### DESCRIPTION OF THE TASK:
When you reach the line containing "Detalj av Endemodul", begin copying exactly, and keep going through the last line of the records below, copying nothing before it.

____

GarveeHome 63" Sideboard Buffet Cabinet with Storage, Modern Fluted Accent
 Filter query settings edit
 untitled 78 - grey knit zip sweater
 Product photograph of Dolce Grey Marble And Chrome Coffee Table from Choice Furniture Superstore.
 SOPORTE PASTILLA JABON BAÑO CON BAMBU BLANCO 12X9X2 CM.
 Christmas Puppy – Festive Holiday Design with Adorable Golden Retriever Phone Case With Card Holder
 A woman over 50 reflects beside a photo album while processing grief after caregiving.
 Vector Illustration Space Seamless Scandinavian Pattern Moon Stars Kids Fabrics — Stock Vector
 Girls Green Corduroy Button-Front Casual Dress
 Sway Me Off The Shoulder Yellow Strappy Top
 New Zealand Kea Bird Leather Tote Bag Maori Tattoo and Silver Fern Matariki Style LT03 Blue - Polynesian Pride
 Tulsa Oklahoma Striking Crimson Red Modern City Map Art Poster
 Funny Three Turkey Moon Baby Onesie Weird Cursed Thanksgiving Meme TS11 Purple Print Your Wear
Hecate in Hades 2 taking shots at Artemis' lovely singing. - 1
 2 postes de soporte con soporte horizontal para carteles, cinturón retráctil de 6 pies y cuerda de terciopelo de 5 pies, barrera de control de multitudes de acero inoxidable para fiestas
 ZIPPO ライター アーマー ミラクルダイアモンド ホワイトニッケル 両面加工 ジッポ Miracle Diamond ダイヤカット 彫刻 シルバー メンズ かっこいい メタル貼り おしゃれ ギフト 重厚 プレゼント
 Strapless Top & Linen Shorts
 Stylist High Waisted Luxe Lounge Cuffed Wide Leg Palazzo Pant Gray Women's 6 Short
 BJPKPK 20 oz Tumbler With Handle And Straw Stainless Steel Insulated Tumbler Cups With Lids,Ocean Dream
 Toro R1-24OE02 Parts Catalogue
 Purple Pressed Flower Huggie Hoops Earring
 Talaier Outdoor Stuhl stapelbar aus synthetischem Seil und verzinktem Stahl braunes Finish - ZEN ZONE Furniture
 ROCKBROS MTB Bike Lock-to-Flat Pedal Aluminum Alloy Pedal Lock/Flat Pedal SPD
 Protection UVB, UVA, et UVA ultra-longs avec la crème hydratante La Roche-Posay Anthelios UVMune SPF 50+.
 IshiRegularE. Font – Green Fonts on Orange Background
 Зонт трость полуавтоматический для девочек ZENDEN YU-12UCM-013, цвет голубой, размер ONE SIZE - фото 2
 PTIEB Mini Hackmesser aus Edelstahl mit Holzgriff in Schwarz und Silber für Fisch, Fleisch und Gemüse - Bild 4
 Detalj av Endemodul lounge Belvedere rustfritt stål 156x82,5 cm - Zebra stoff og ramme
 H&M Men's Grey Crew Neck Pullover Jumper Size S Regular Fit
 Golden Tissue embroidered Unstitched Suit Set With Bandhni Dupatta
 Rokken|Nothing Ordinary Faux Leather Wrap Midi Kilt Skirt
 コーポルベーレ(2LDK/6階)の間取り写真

____

### OUTPUT OF THE TASK:
 Detalj av Endemodul lounge Belvedere rustfritt stål 156x82,5 cm - Zebra stoff og ramme
 H&M Men's Grey Crew Neck Pullover Jumper Size S Regular Fit
 Golden Tissue embroidered Unstitched Suit Set With Bandhni Dupatta
 Rokken|Nothing Ordinary Faux Leather Wrap Midi Kilt Skirt
 コーポルベーレ(2LDK/6階)の間取り写真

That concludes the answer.